In particular, Hidalgo and Hausmann propose that exports and imports are important components of how complex the economy is. For example, if in a country’s trade balance raw materials and simple agricultural commodities figure prominently, it reflects the lack of economic complexity of that country.

The index has also been picked up by major global institutions, notably the World Bank, which is also the data set currently under review by the Iranian parliament.

This is not the first time the parliament reviews foreign indices, as World Bank and IMF reports have influenced policy-making in Tehran to varying degrees over the past twenty years. However, a concern with the ECI could reflect a continuing political drive to diversify the country’s exports and steer the economy towards robustness and independence as laid out in a set of principles by Leader of the Islamic Revolution Seyed Ali Khamenei, collectively called the ‘Resistance Economy’.

The World Bank ranks Iran 96 out of a total of 146 countries in its 2012 report on knowledge-based economies. The calculation used to achieve this result is based on the ECI. The Observatory of Economic Complexity (OEC), which also provides yearly rankings, puts Iran on the 110th spot in the same year. Countries that are given a negative number are dependent on other countries for the import of the majority of their complex goods. In 2012, all countries ranked lower than spot 65 (Egypt’s ranking), were complexity-dependent economies. This includes Iran.

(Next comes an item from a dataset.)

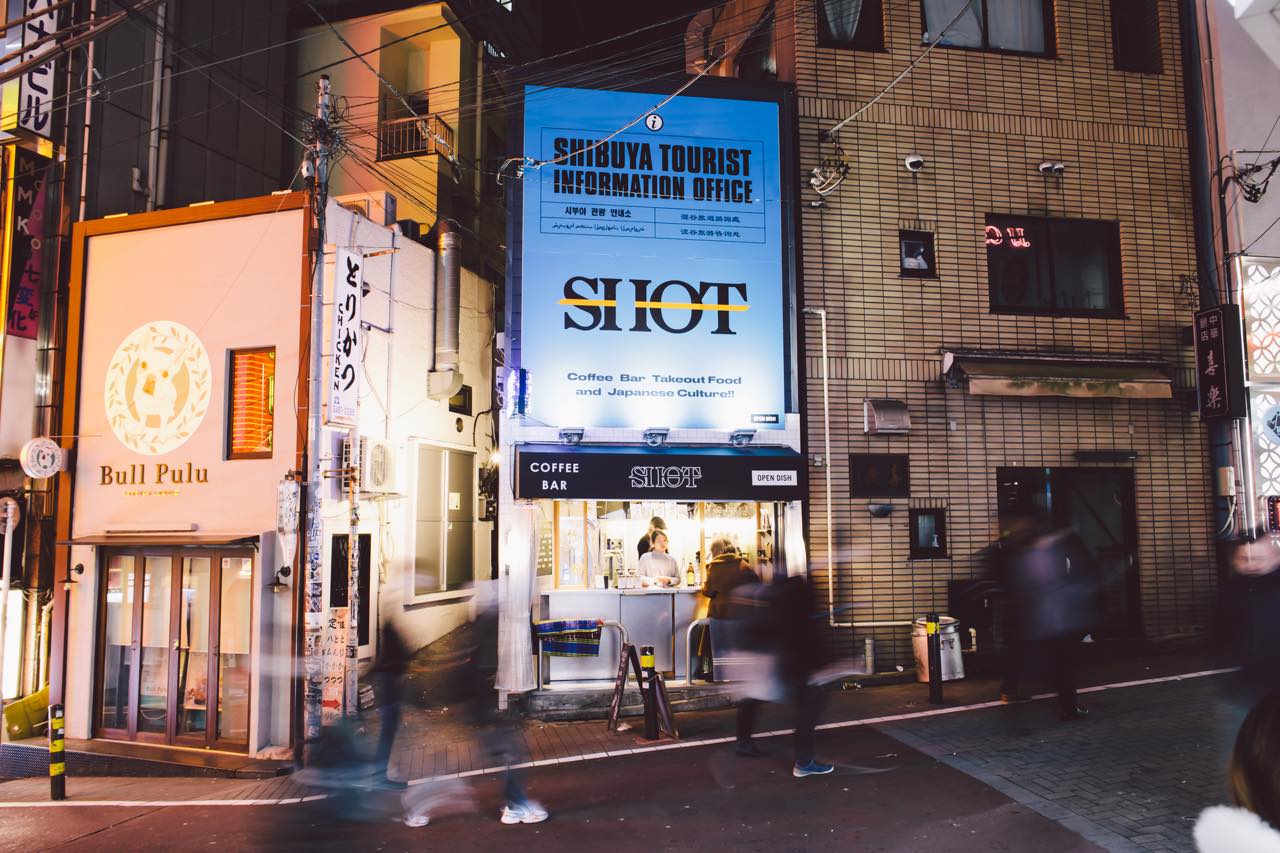 渋谷の観光案内所 カオスなコーヒースタンドはディープな夜の入り口 Shot Harumari Tokyo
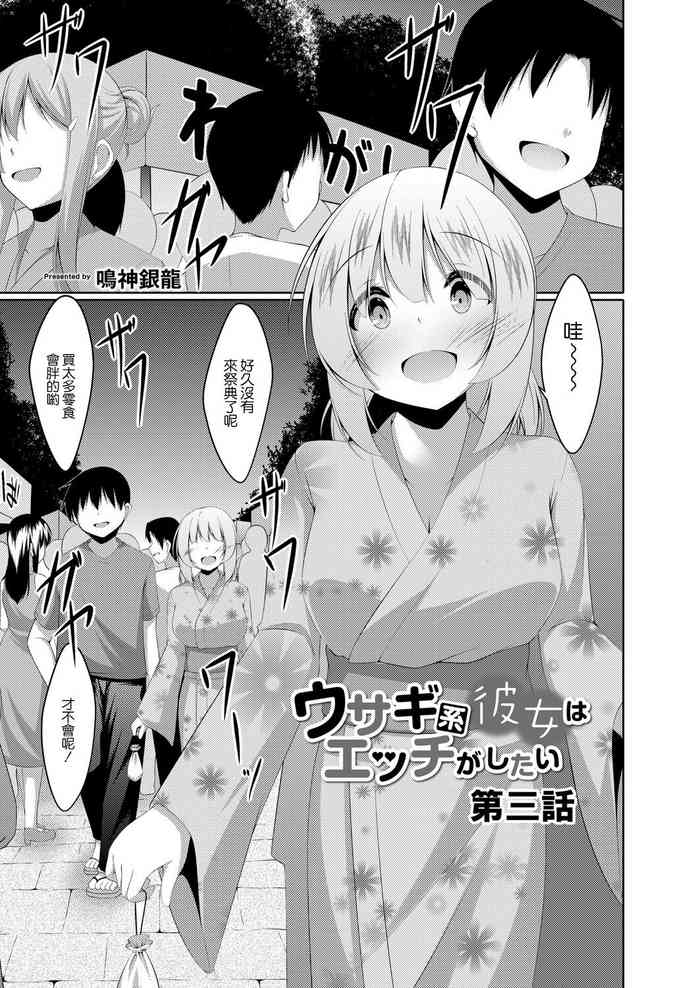 [Narukami Ginryu] Usagi-kei Kanojo wa Ecchi ga Shitai Ch. 3 (Comic Reboot Vol.06) [Chinese] [Digital]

The reason why Iran occupies such a low rank is that it remains heavily dependent on oil exports as a share of total exports earnings. These exports go almost exclusively to a handful of countries, with China on top. On the import side, Tehran spends most on acquiring basic goods and food also from a limited set of countries such as India, Turkey, China and the former Soviet republics. More complex goods are imported too, notably from South-Korea and Germany.

One should note that the latest data on the ECI refers to the year in which Iran was heavily affected by the tightening of western sanctions (imposed over Tehran’s nuclear energy program), which blocked the country from accessing the international financial system and scared away traders.

Sanctioned Iran, has also made great strides to advance its home-grown knowledge of complex technologies, of which nuclear-technology is but one example. Iran has also shown the ability to reach advanced status in fields like bio-molecular, petrochemical, military and pharmaceutical technologies.

According to the OEC, the complexity of Iran’s economy peaked in 1964, after which its annual rank has gradually declined. Of the countries which were near Iran’s position at the time, only Turkey and Malaysia have improved in rank, while those of Pakistan and Egypt have come down too.